*TASK PROMPT*
Word for word, copy the listing below and leave out its images.

*DATA EXTRACT*
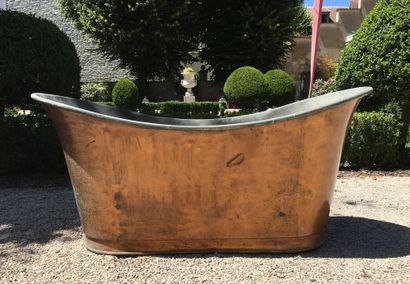 null Bathtub in copper of shuttle form. Middle 19th century. H : 75 cm Long : 160...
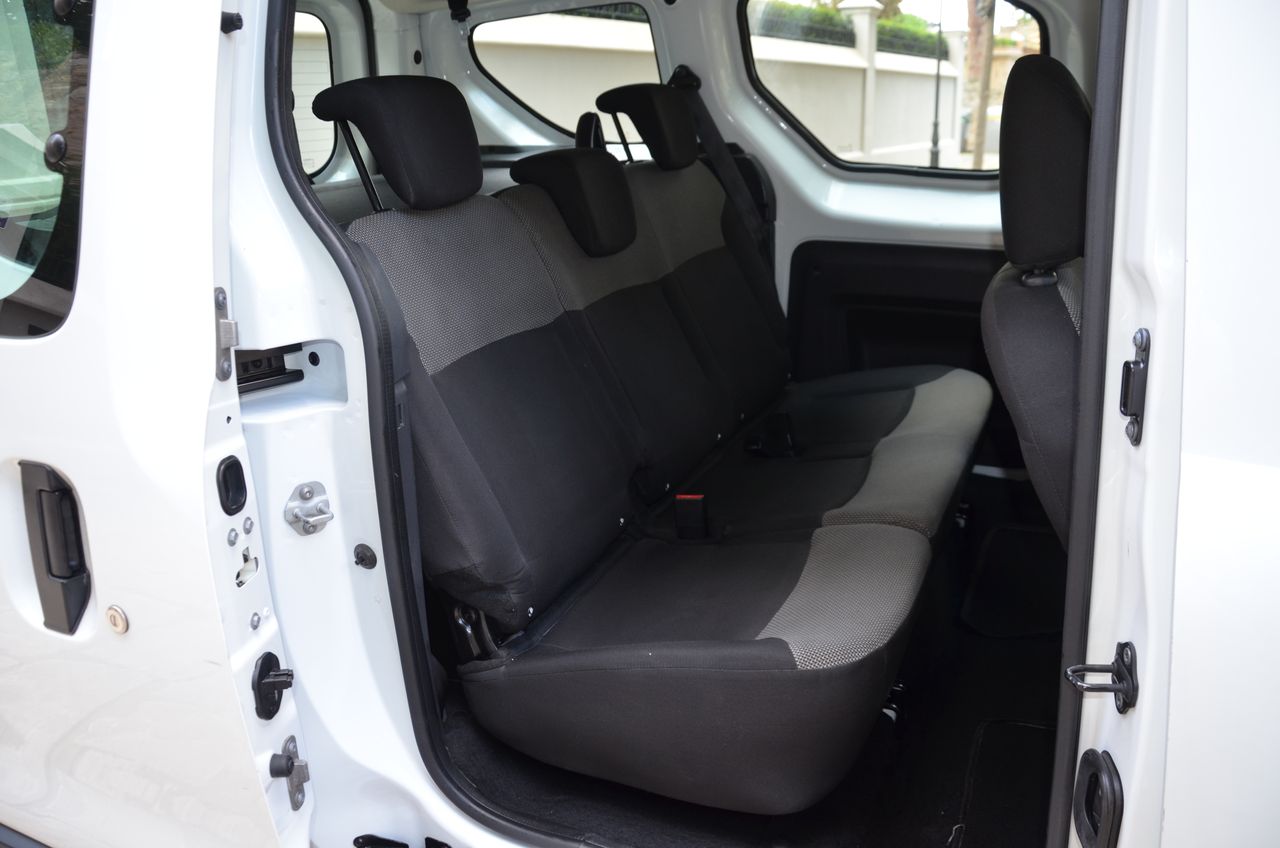 Dacia Dokker ESSENTIAL 1.5 Blue dCi 95 CV../ KOMBI 5P  - Foto 31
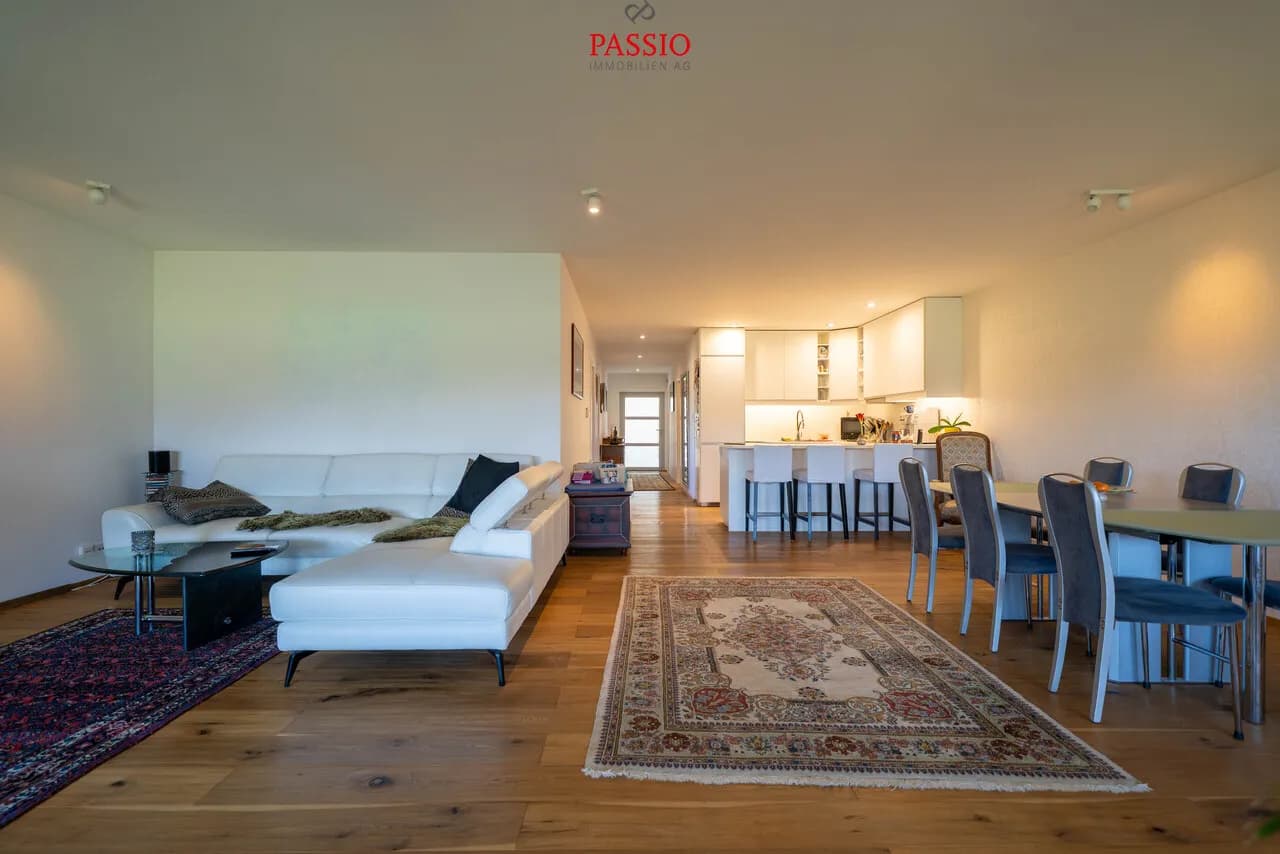 8.5-Zimmer-Mehrfamilienhaus mit 3 Wohnungen an unverbaubarer Lage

*ANSWER FOR THE TASK*
 null Bathtub in copper of shuttle form. Middle 19th century. H : 75 cm Long : 160...
 Dacia Dokker ESSENTIAL 1.5 Blue dCi 95 CV../ KOMBI 5P  - Foto 31
 8.5-Zimmer-Mehrfamilienhaus mit 3 Wohnungen an unverbaubarer Lage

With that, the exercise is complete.